Print the line containing "Wellness Co" and all lines after it to the end of the records below, exactly as written. No pictures.

START Material for the task

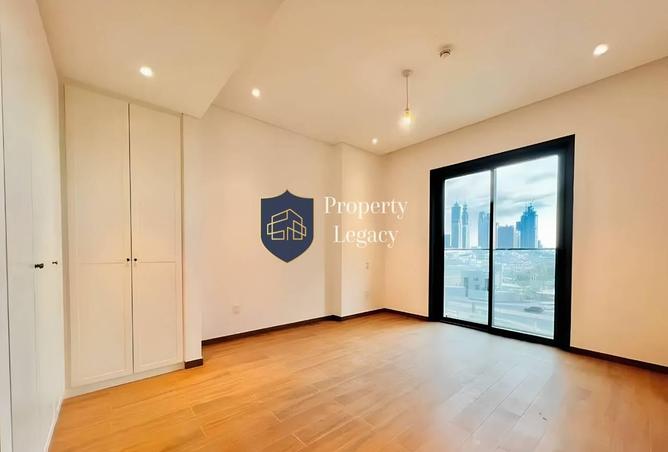 106418612 - Property Image 2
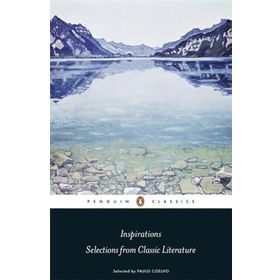 Inspirations: Selections from Classic Literature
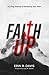 Faith Up: A 21 Day Journey of Renewing Your Faith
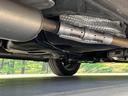 Ｌ・ターボホンダセンシング　純正ＳＤナビ　バックカメラ　衝突被害軽減システム　禁煙車　ハーフレザーシート　シートヒーター　コーナーセンサー　スマートキー　ＬＥＤヘッド　ビルトインＥＴＣ　純正１５インチアルミ　オートハイビーム（61枚目）
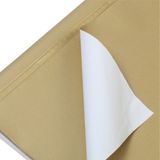Paket Parti Ambalaj Kağıdı 70X100CM Çizgili 50'li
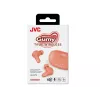 Headset JVC Gumy TWS Stix roze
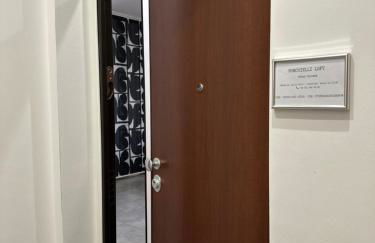 Ponchielli LOFT - Foto 42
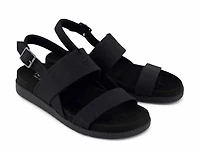 Marin Sandal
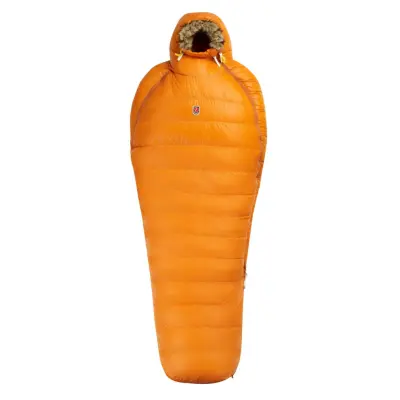 Fjällräven Polar -30 Long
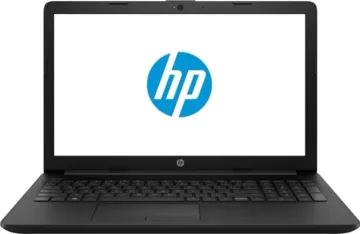 Ноутбук Hp єкр. 15,6/ amd e1 1200 1,4ghz/ ram 4096mb/ hdd 500gb/ dvdrw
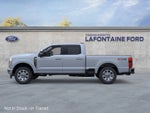 2026 Ford F-250SD In-Transit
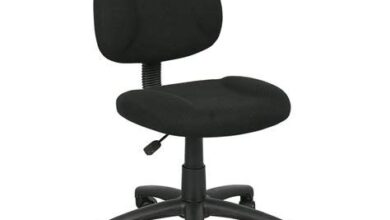 Arm Chairs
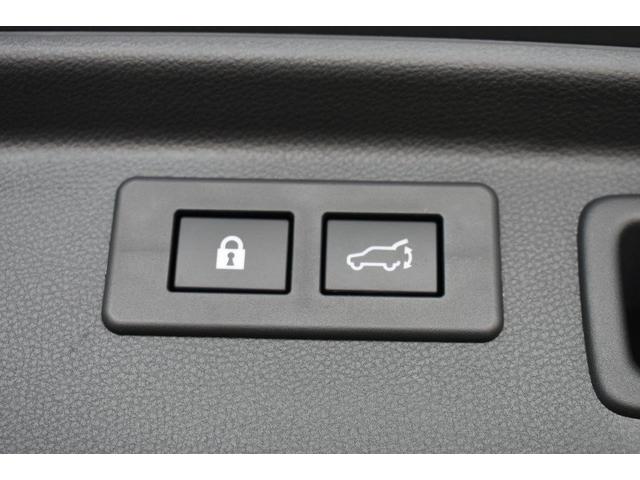 �p���[�Q�[�g�����Ń����^�b�`�J�I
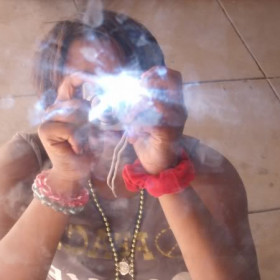 Luisa_E6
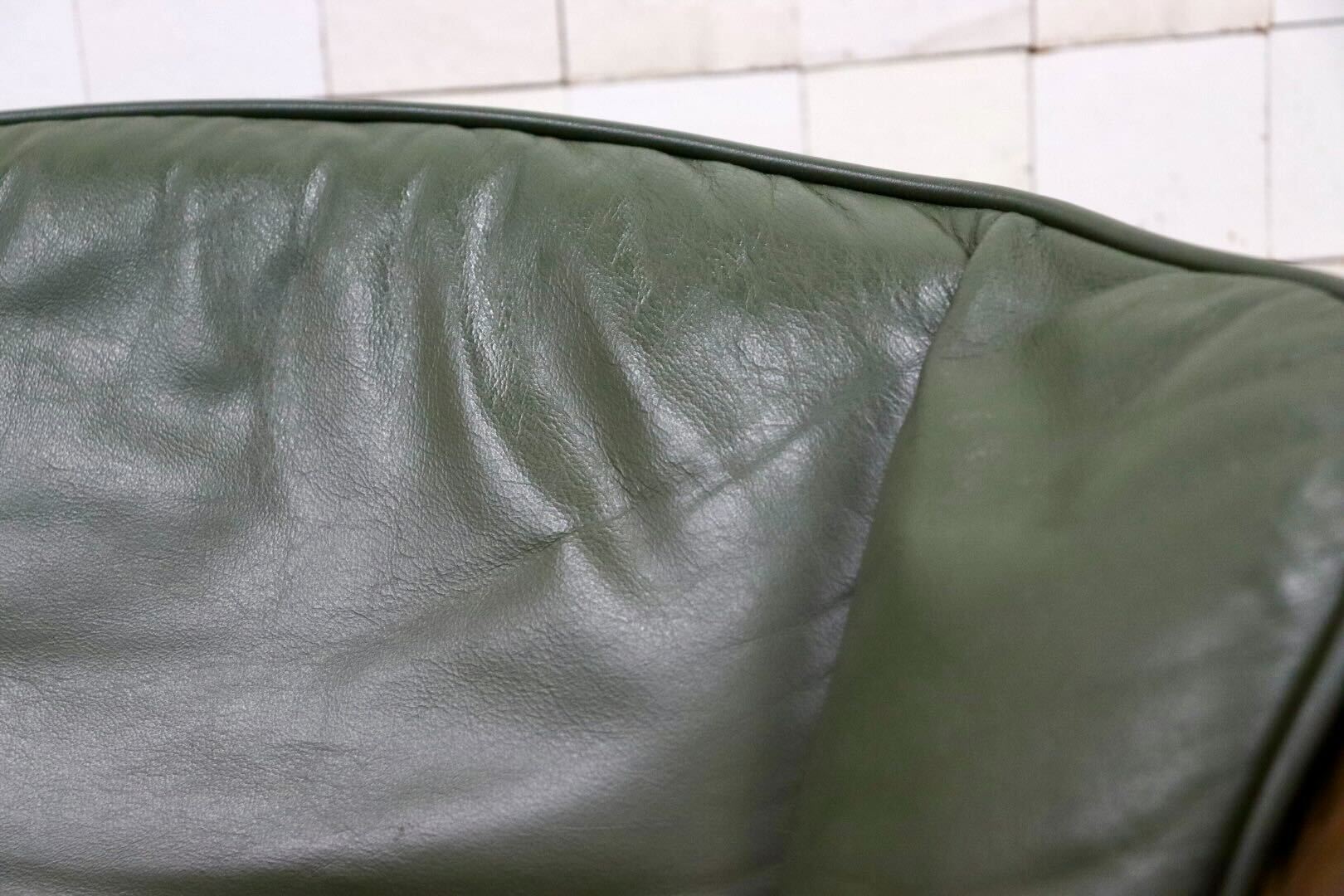 GMHK106A○maruni / マルニ 地中海ロイヤル ROYAL シャルル パーティチェア ダイニングチェア 椅子 キャスター 本革 クラシック 定価約25万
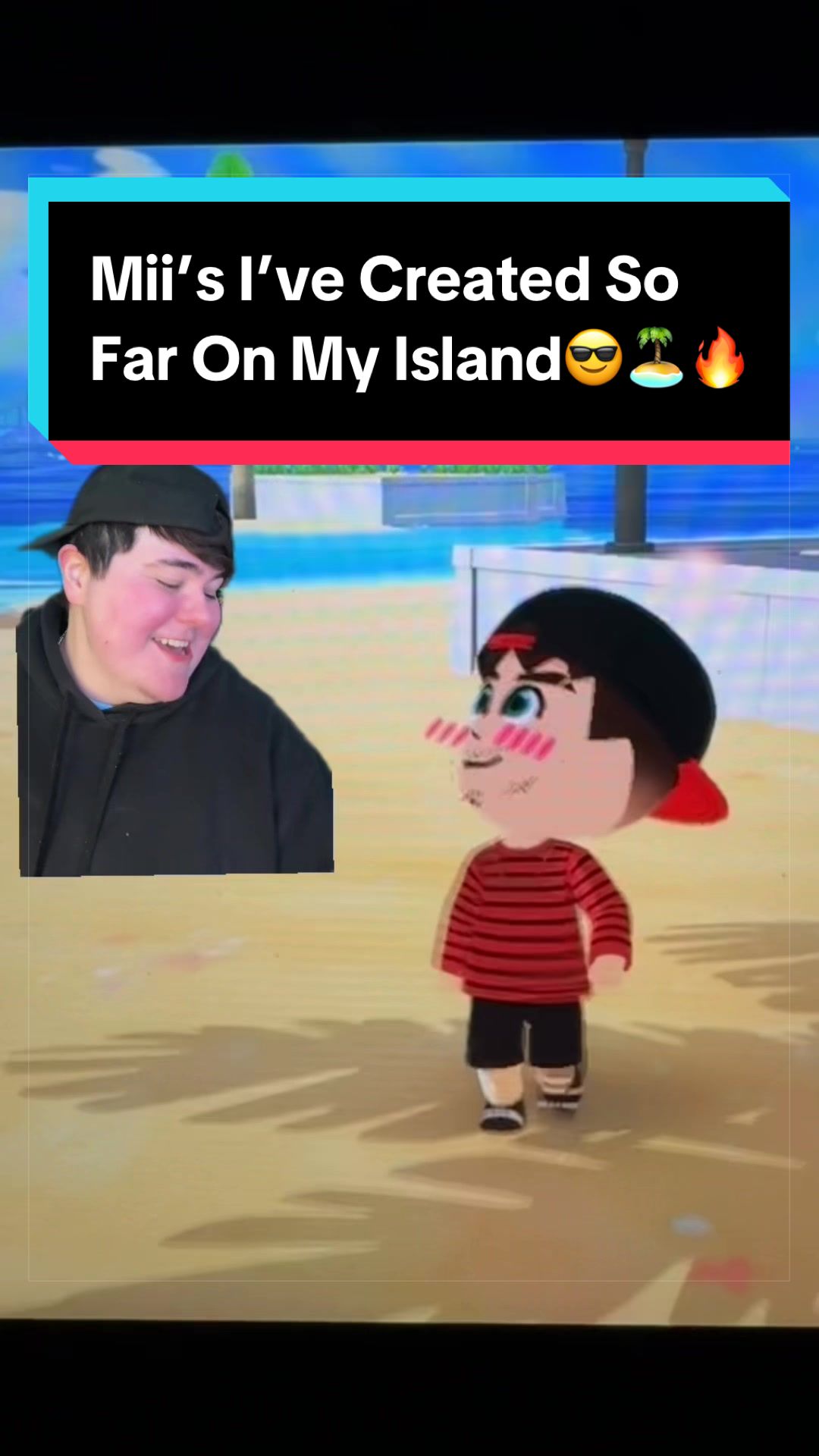 @fuzzz99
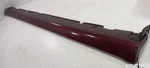 Hyundai XG350 Rocker Panel Trim Cover Molding Skirt Right Passenger Side 2003 04. Fixed Price $98.81.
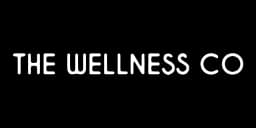 Wellness Co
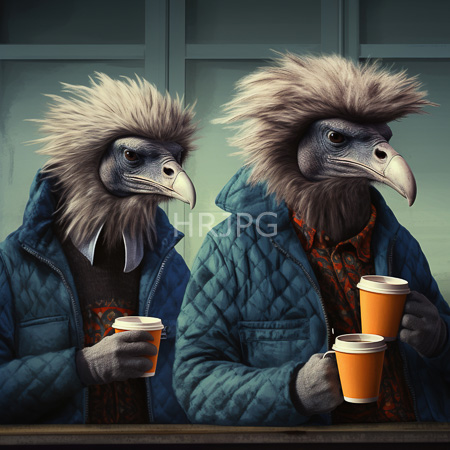 High Resolution: artwork, feathery, casual download. | HRJPG.com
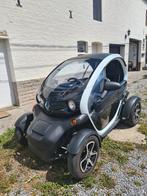 Renault Twizy 80 de 2012, Auto's, Particulier, Te koop, Twizy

END Material for the task

Result:
 Wellness Co
 High Resolution: artwork, feathery, casual download. | HRJPG.com
 Renault Twizy 80 de 2012, Auto's, Particulier, Te koop, Twizy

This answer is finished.